I never search through that file even though I sometimes wonder what I did at a certain moment in that period. After a nudge by Martijn Aslander who wrote on a community platform we both frequent about back filling his daily activities into Obisidian for instance based on his photos of a day through the years in his archive, I thought to import that ical file and turn it into day logs listing my appointments for a date.

I tried to find some ready made parsers or libraries I could use in PHP, but most I could find is aimed at importing a live calendar rather than an archived file, and none of them were aimed at creating an output of that file in a different format. Looking at the ical file I realised that making my own simple parser should be easy enough.

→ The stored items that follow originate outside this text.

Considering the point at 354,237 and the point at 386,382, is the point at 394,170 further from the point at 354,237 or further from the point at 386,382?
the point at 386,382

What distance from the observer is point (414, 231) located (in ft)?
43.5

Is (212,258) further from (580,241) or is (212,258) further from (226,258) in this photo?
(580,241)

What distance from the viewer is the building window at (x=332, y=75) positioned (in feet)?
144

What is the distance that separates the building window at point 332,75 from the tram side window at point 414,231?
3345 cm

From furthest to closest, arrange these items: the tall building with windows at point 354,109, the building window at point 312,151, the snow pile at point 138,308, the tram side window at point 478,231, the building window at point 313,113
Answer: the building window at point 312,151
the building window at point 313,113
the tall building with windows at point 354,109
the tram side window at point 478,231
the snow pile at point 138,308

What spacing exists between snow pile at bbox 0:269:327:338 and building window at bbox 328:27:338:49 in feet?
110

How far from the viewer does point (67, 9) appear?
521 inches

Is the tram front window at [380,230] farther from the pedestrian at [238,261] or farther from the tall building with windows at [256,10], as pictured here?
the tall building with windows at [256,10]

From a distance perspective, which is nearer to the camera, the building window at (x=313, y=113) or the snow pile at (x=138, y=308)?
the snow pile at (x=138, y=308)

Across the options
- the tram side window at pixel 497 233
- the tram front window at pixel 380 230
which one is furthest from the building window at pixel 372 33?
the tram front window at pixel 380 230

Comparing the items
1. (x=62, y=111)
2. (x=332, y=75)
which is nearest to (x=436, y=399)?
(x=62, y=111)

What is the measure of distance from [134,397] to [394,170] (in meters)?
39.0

I write a small PHP script that reads the ical file line by line until it finds one that says BEGIN:VEVENT. Then it reads the lines until it finds the closing line END:VEVENT. It then interprets the information between those lines, lifting out the date, location, name and description, while ignoring any other information.
After each event it finds, it writes to a file ‘Daylog [date].md’ in a folder ./year/month (creating the file or appending the event as a new line if the file exists). It uses the format I use for my current Day logs.
Let it repeat until it processed all 4.714 events in my calendar from 2008 to 2020.


A screenshot of all the folders with Daylogs created from 2008-2020


Screenshot of the newly created Daylog for 20 February 2008, based on the appointments I had that day, taken from the calendar archive. This one mentions a preparatory meeting for the open GovCamp I helped organise that year in June, which kicked off my work in open data since then.